Sevilla

[243] Sevilla, die Hauptstadt des Königreichs gleiches Namens – welches auch West- oder Nieder-Andalusien heißt, und gegen Norden an Cordova und Estremadura, westlich an das Portugiesische Alentejo, südlich an das Weltmeer und die Straße von Gibraltar, und gegen Osten an Granada und Murcia gränzt; dessen Größe auf 940 Quadratmeilen geschätzt und für den fruchtbarsten Theil, für die Kornkammer des Königreichs Spanien, besonders an Weizen, Oel und Weinen, gehalten wird – und die größte Stadt in ganz Spanien. Ihren Umfang rechnet man auf 4½ Spanische Meilen, aber die Volksmenge nicht mehr als zu 50,000 Seelen; der Boden ist sumpfig (daher auch die Häuser größten Theils auf Pfählen ruhen); die Straßen sind eng, unregelmäßig, ohne bedeutende Gebäude, wenn man etwa den königlichen Pallast, das Münzhaus, die Stückgießerei und Kaufmanns-Börse ausnimmt: eins der größten Gothischen Gebäude macht die Domkirche aus; übrigens aber gehört der größte Theil der Gebäude – der Geistlichkeit. Außerhalb der Stadt, welche seit 1504 auch eine Universität hat, ist die berühmte Maurische Wasserleitung. Merkwürdig ist die hier von Ferdinand VI. 1757 mit großen Kosten angelegte Tabaksfabrik, die einzige in ganz Spanien und die größte in ganz Europa. Im J. 1776 arbeiteten über 1000 Menschen und 180 Maulthiere hier.
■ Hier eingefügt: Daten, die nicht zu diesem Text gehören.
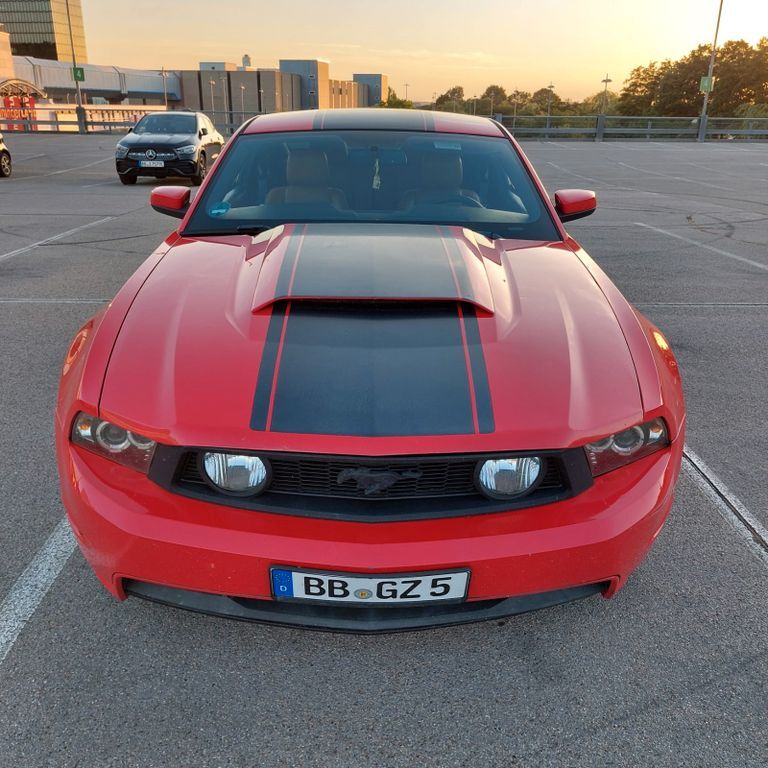 Ford Mustang 182.000 km 13.500 € Böblingen 71032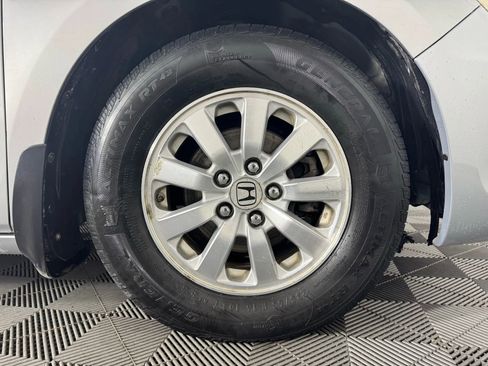 Used 2010 Honda Odyssey EX image 42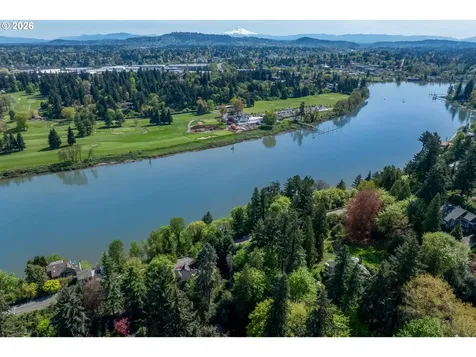 1911 S Carey Lane Portland OR 97219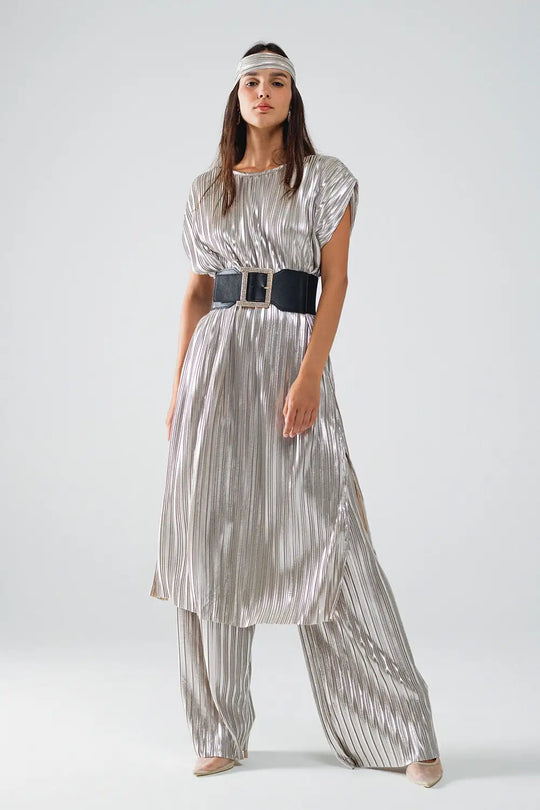 Silver Pleated Dress With Belt And Short Sleeves - Dresses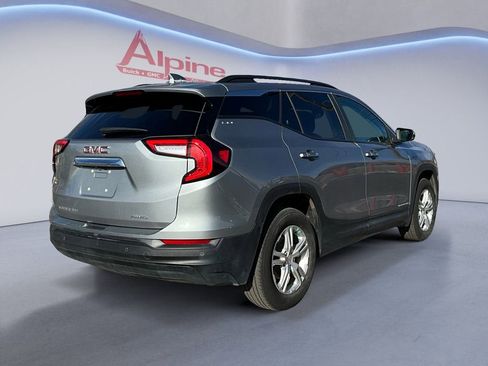 Used 2023 GMC Terrain SLE w/ Driver Convenience Package image 5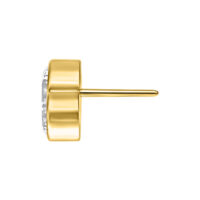 Ajuste de piercing dorado con cristal claro sobre fondo blanco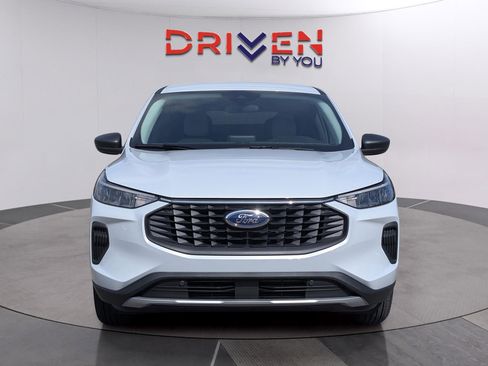 Used 2025 Ford Escape Active w/ Cold Weather Package image 8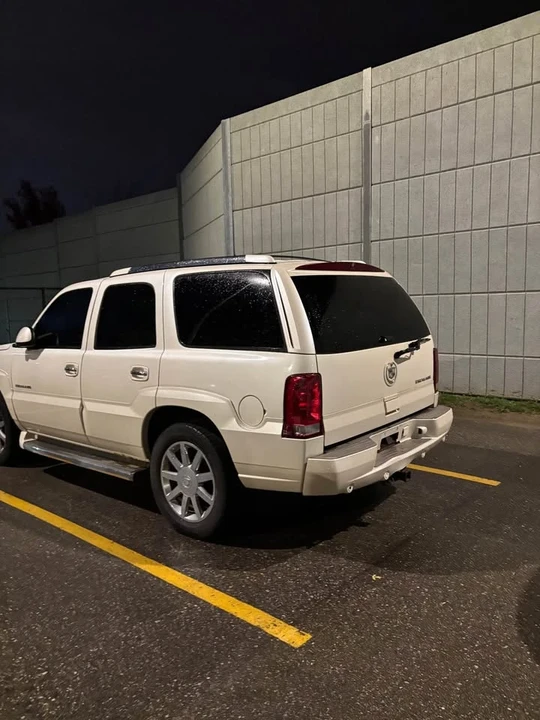 2004 Cadillac Escalade & EXT 2nd Gen - Image 4 of 5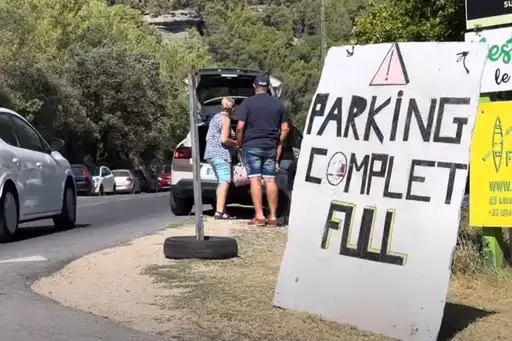 provence-menschen-parkplatz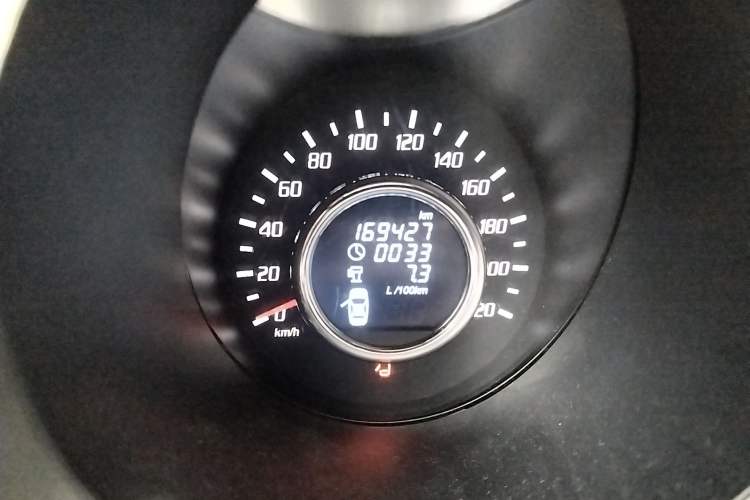 Used Huatai Santa Fe 2015 1.5T Gasoline Manual Two-Wheel Drive Luxury Model Odometer Close Up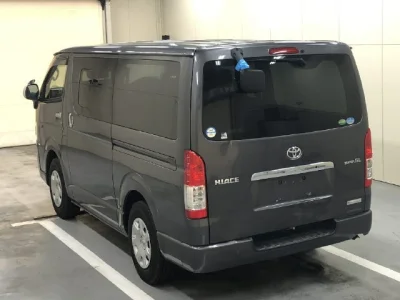 Toyota HiAce Van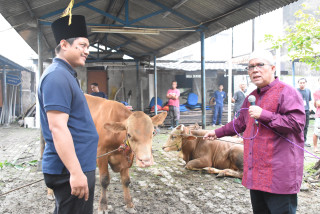 Forming Social Concern, UPNVJ Distributes More than 400 Sacrificial Meat Packages
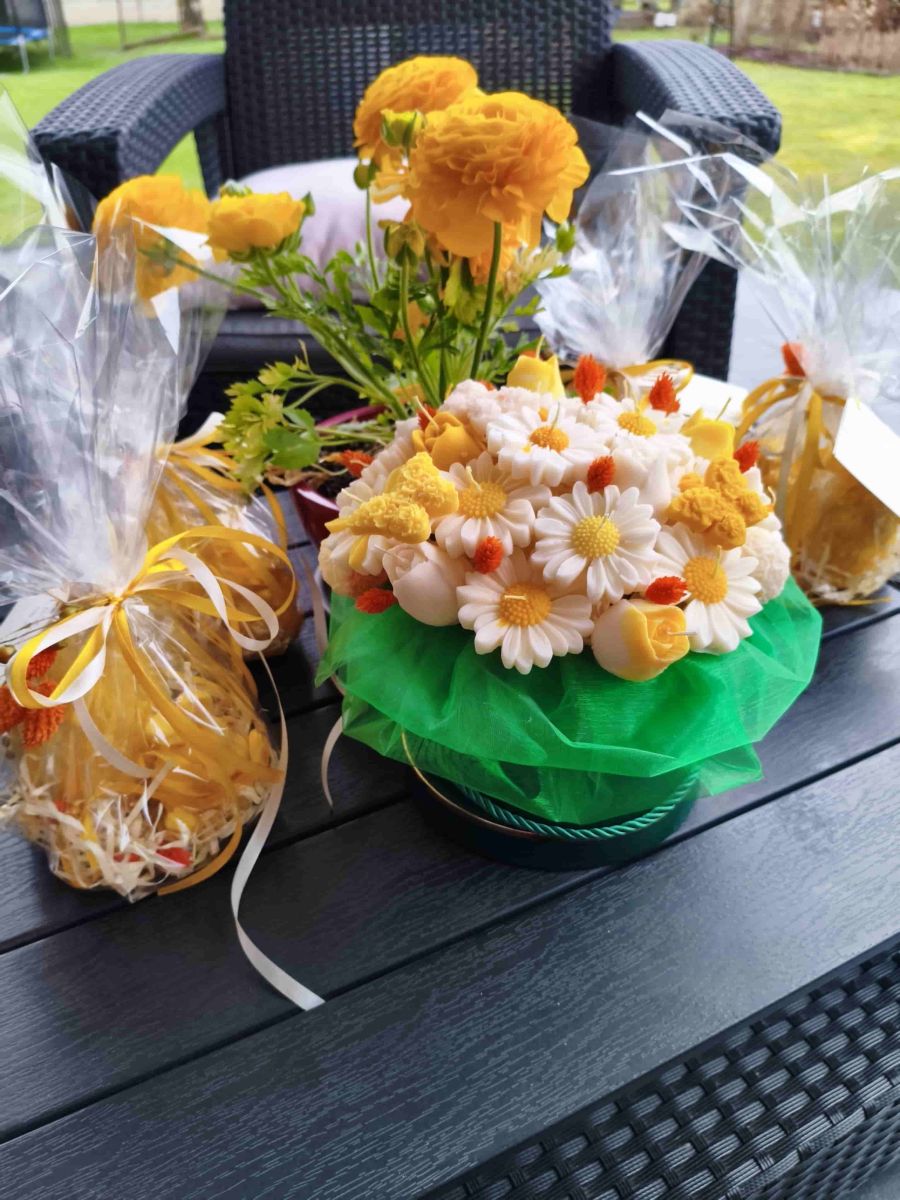 Candle flower box XL stokrotki wykonany z naturalnych świec sojowych z aromatem - DeasyArt – rękodzieło Boho, lampiony & dekoracje handmade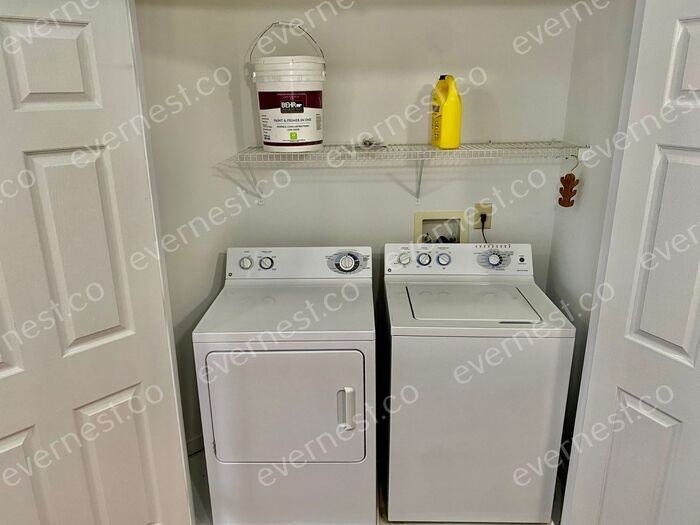 10716 Oceana Ct - Photo 3 of 12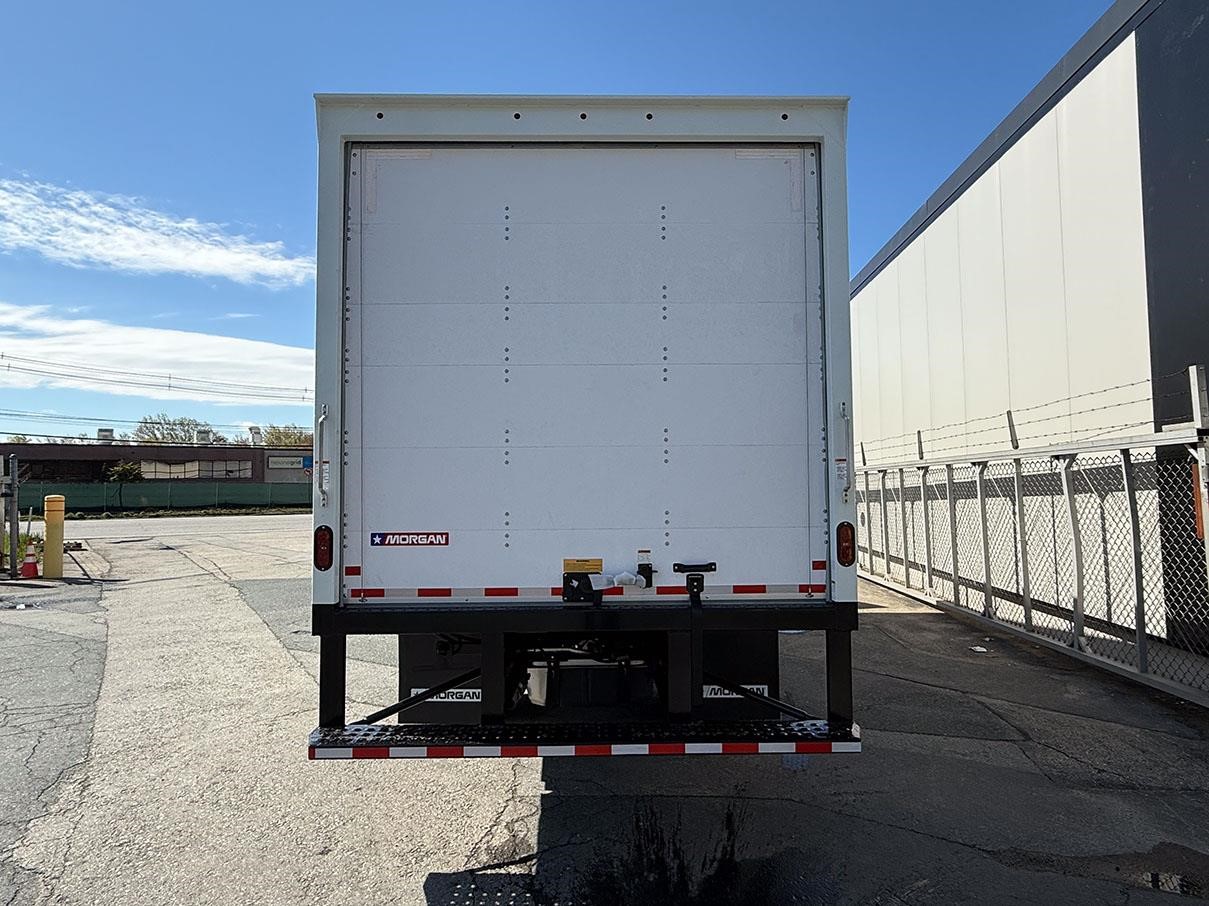 2024 ISUZU NPR 2024 ISUZU NPR - image 5 of 6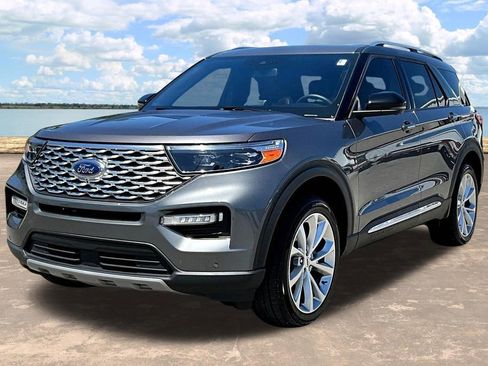 Used 2023 Ford Explorer Platinum w/ Technology Package AWD/4WD image 4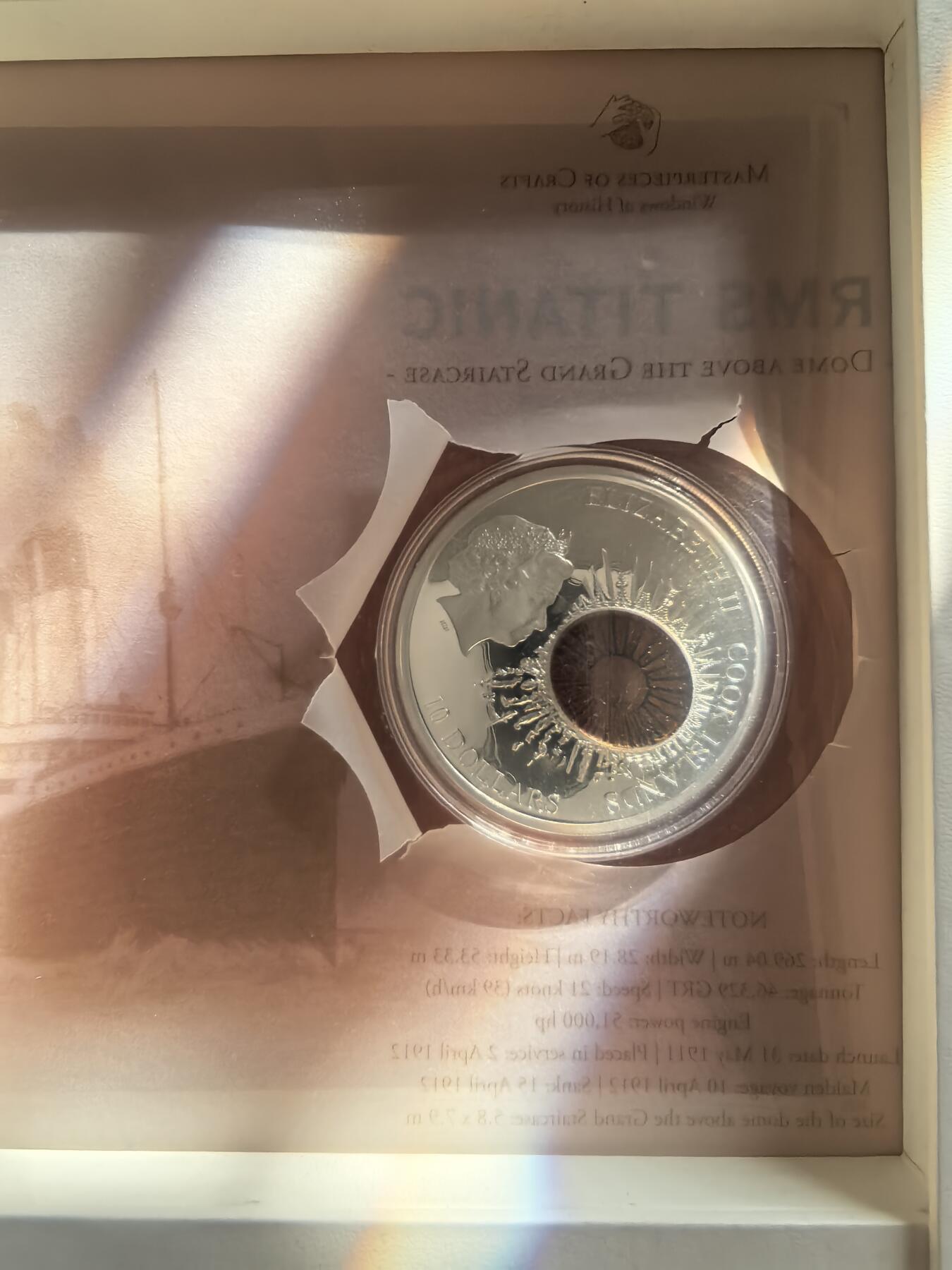 长老汇蛇年精选第七十八场拍卖 2012库克群岛历史之窗之泰坦尼克号10元镶嵌彩色玻璃类精制银币，50克925银，盒证全，1912枚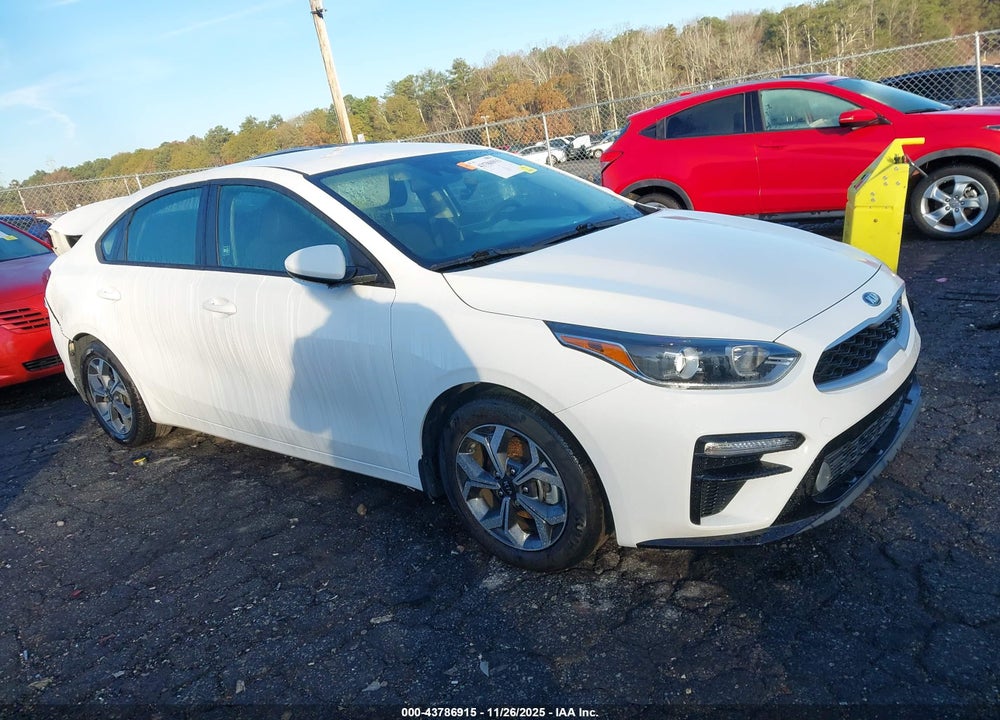 2021 KIA FORTE LXS VIN: 3KPF24AD9ME281838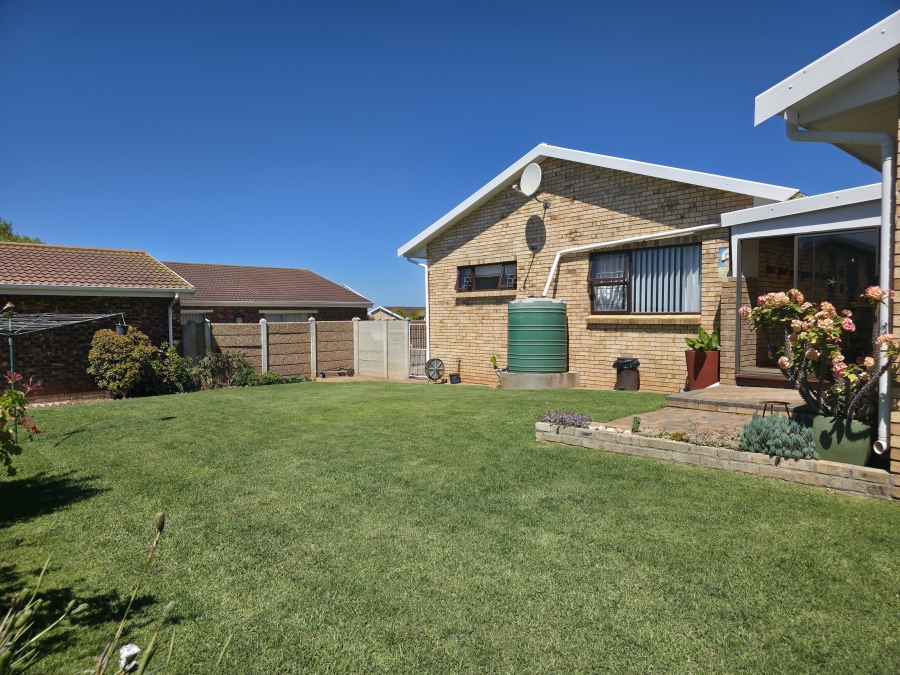 4 Bedroom Property for Sale in Noorsekloof Eastern Cape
Der Tabac de Sevilla ist bei allen Tabaksschnupfern[243] hoch berühmt; die bekannten Cigarros (oder der dünne Rolltabak), welche ohne Pfeife geraucht werden, beschäftigen hier ebenfalls gegen 150 Personen. Außer der ansehnlichen Salpetersiederei und der Seidenmanufactur (welche jedoch jetzt um die Hälfte – sonst nährte sie an 16,000 Menschen – gefallen ist) sind auch die vielen Galonen und Borden von Bedeutung, welche hier verarbeitet werden und nach Peru gehen. Ueberhaupt aber hat sich der Handel Sevillas durch die Verlegung des Gerichtshofes nach Cadiz sehr verringert.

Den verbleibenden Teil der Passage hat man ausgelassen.